One of the most significant agenda items affecting all US exchange-listed companies is the “Climate Change Disclosure” rule which would define requirements for environmental, social and governance (ESG) disclosures. A day after both commissioners were confirmed, the SEC on June 17 closed its comment period on the Climate Change Disclosure rule.

Also on the SEC’s agenda is another rule affecting private funds called the “Rules Related to Investment Companies and Investment Advisers to Address Matters Relating to Environmental, Social and Governance Factors.” Other rules on the list would mandate disclosures relating to cybersecurity risk, special purpose acquisition companies (SPACs), corporate board diversity, pay versus performance, to name a few.

Breaking bad

IPOs Decline in Numbers & Dollars Raised 

In what may be a sign of how 2022 will pan out, IPO trends show that both the number of initial public offerings and dollars raised declined sharply in Q1 2022 compared to the same quarter last year.

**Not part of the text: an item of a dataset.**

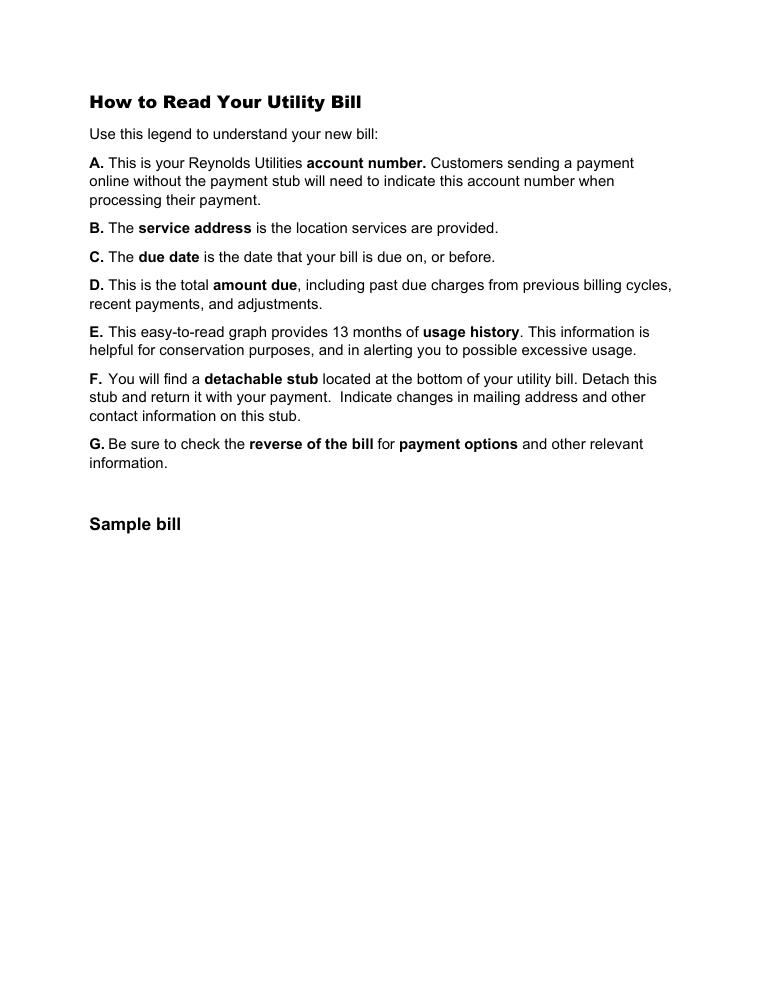 Reynolds Utilities How to Read Your Utility Bill Sample document preview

Audit Analytics is reporting that in Q1 2022 just 84 companies completed IPOs on the NYSE and Nasdaq, raising $11.3 billion, compared to 407 IPOs which raised over $134.6 billion in Q1 2021.

SPACs continued to dominate IPOs, with 54 listings raising $8.922 billion. Traditional IPOs numbered 30, raising $2.360 billion.

Audit Analytics also is reporting that the average amount raised in Q1 2022 was “much lower than it has been in the previous five years. The average amount raised during Q1 2022 was just $134.3 million. Excluding SPACs, it was just $78.7 million.”

As U.S. markets continued to tumble in Q2, several IPOs have been postponed.

It’s Pie in the Face Serious

SEC Launches Game Show-themed Campaign

Think that investing on Wall Street is easy money?

The SEC has launched a public service campaign that drives home the message that although investing may look and feel like a game, you may wind up losing money.

The lighthearted campaign, called Investomania features a TV spot titled “Crypto” which warns investors not to be tempted by celebrity endorsements, and another called “Margin” which warns that borrowing money to invest can be very risky.

In another TV spot, a game show host asks two contestants to pick a square on a video game board with investment options including: internet rumors, celebrity endorsements, stock tips from your uncle, crypto to the moon, FOMO, meme stocks, tulip bulbs, guaranteed returns, and timing the market. After the contestants make their choices, the video shows the consequences of a bad choice.” The loser gets a pie in the face.

The SEC says the video “is designed to show investors the consequences of their investment decisions and to help investors understand the importance of protecting themselves when making investment decisions.”

The SEC has not announced where and when it will be broadcast.